Wednesday 14 November 2018

Diarmuid Gavin: Winter whites

Watch out for early bloomers that dazzle - even in the snow - and provide a fresh start to the New Year


Our winter weather has veered from bright sunshine and blue skies, to soggy days and freezing nights, with forecasts regularly predicting deep blankets of snow with ever increasing chances of a white-out.

I'm one of those people who gets excited by the prospect of snow - if it promises to hang around for just a few days before it becomes an inconvenience! I don't like when snow lingers; it's welcomed just long enough for the pretty disruption it delivers, and the slides, skating and snowmen building.
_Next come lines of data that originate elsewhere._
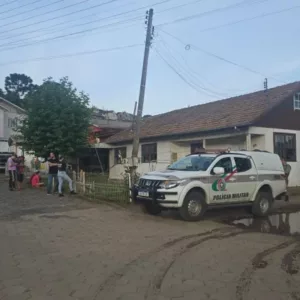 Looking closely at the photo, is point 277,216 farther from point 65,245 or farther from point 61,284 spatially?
Result: point 61,284

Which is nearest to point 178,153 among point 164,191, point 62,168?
point 62,168

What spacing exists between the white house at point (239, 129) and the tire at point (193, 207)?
9458mm

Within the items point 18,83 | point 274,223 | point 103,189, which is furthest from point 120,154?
point 18,83

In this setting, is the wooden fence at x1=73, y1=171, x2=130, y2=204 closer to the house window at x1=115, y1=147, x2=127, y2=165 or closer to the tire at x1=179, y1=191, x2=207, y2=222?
the tire at x1=179, y1=191, x2=207, y2=222

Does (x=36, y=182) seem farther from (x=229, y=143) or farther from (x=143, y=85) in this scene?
(x=229, y=143)

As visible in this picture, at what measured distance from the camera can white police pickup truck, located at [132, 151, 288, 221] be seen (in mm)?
10281

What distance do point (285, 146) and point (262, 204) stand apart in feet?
33.9

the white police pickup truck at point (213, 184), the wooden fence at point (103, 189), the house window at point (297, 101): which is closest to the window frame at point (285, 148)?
the house window at point (297, 101)

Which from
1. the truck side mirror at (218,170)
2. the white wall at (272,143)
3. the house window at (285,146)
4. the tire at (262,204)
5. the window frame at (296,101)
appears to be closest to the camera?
the truck side mirror at (218,170)

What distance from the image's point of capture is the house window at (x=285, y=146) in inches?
820

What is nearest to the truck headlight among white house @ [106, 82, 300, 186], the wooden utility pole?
the wooden utility pole

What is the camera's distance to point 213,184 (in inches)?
425

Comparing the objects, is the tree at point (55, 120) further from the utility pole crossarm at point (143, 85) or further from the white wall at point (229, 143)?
the white wall at point (229, 143)

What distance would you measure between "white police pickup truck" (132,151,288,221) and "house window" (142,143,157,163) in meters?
13.6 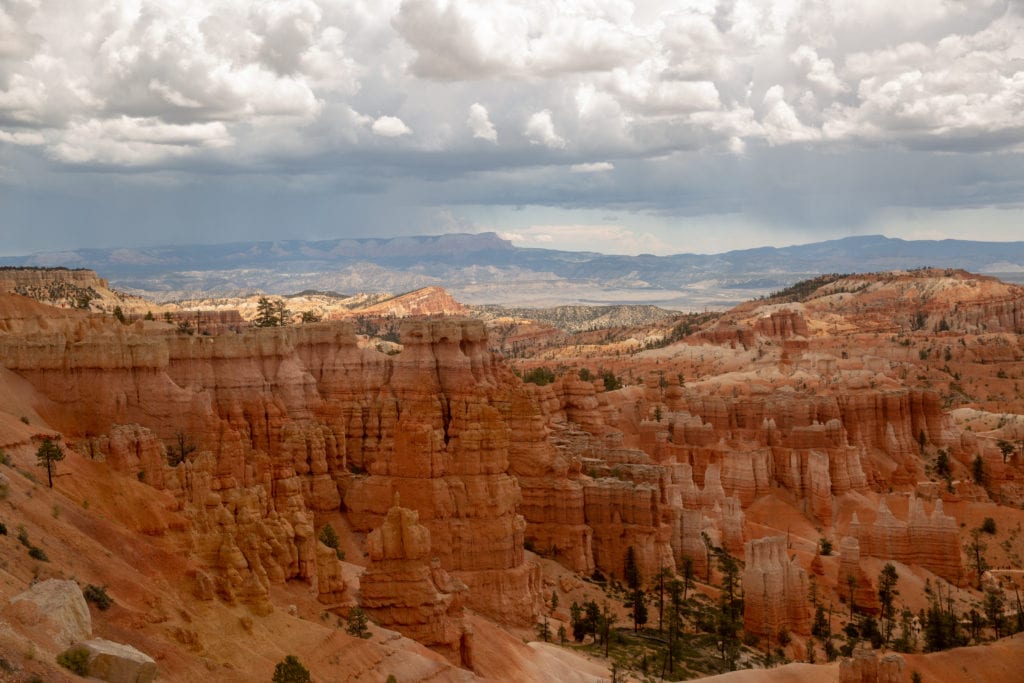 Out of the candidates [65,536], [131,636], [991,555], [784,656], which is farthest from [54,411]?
[991,555]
Three days is plenty, then I love a fast thaw - the garden revealed from under the cover of snow and the popping up of the first flowers of the season. Many of our winter garden plants are dressed in beguiling white hats which shine in the sometimes dull early months. White is a symbol of purity, simplicity and luxury - what a good recipe for a planting scheme. Beautiful white blossoms provide a clean and fresh start to the New Year - here are some to look out for or plant in your own garden:

The snowdrop (pictured main) is the first bulb to push up through the frozen ground and is the curtain-opener to the spring bulb season. Snowy white droplet-shaped flowers have three white outer petals and three inner segments, with some green markings. This is a bulb best planted "in the green" which means during the period it has foliage. So you didn't miss the boat by not planting them last autumn along with your daffs and tulips - now's the best time.
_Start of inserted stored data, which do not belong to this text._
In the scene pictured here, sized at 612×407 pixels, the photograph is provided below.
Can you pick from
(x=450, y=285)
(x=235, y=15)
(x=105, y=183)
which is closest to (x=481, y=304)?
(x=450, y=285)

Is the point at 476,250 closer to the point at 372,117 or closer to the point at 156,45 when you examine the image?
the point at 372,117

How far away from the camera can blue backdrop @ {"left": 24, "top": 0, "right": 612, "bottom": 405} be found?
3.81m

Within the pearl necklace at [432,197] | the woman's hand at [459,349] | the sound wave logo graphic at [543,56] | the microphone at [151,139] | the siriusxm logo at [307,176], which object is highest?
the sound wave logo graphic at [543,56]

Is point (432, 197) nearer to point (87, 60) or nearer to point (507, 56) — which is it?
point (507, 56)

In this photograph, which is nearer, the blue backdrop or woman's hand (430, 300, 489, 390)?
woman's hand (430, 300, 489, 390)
Ideally plant in semi-shade in a moisture-retentive soil - they don't like to dry out completely. If you'd like them to spread, Galanthus 'Magnet' is a taller vigorous variety that quickly forms good clumps. And if you have some already and wish to increase your stock, lift and divide after they have flowered.


Queen of the winter shrubs is the Camellia (pictured above with its rich glossy dark foliage, a superb background for the snowy white blossoms of 'Silver Anniversary' which have golden stamens at their centre, or 'White Snowman', which has fragrant white semi-double flowers early winter and bronze-red juvenile foliage. Camellias prefer acidic soil and their leaves will go a sickly yellow in alkaline soil, so plant in pots with ericaceous compost if your garden soil isn't suitable. A little bit of shade is good, protect young buds from cold wintry winds and early morning sun should be avoided so don't plant in an east-facing aspect.

The small white flowers of Sarcococca confusa, Sweet box, may not dazzle you but the scent certainly will - a luxuriant fragrance that hangs in the air. There's also white forsythia, Abeliophyllum, which bursts into bloom much earlier than the better known yellow forsythia. These delicately scented white flowers are borne on bare branches mid-winter and have an Oriental elegance - the shrub originates from Korea but is close to extinction in its native habitat.

Winter-flowering heaths are also in bloom at the moment. While in general many heathers prefer acidic soil, quite a few of the winter flowerers will tolerate neutral to alkaline soil, and there are some beautiful white varieties such as 'Springwood White'. 'White Perfection' has pure white flowers contrasting beautifully with its bright green foliage. Heathers make great ground cover plants but make sure they don't dry out, for example if you are planting them on a sloping bank which can get bone dry. They're low maintenance and just need a light shearing directly after flowering. Don't cut back into old wood, just lop of the flowers and a bit of the greenery.

And finally we have Helleborus to enjoy. This is a plant that will work most of the year for you with its attractive evergreen foliage and shy, nodding flowers that commence mid-winter and often stay on the plant as late as May. It works very well in those tricky shady areas and there are delightful white cultivars such as 'Wintergold' which look lovely planted by a pathway - a sign that your garden is waking up or maybe never went to sleep completely!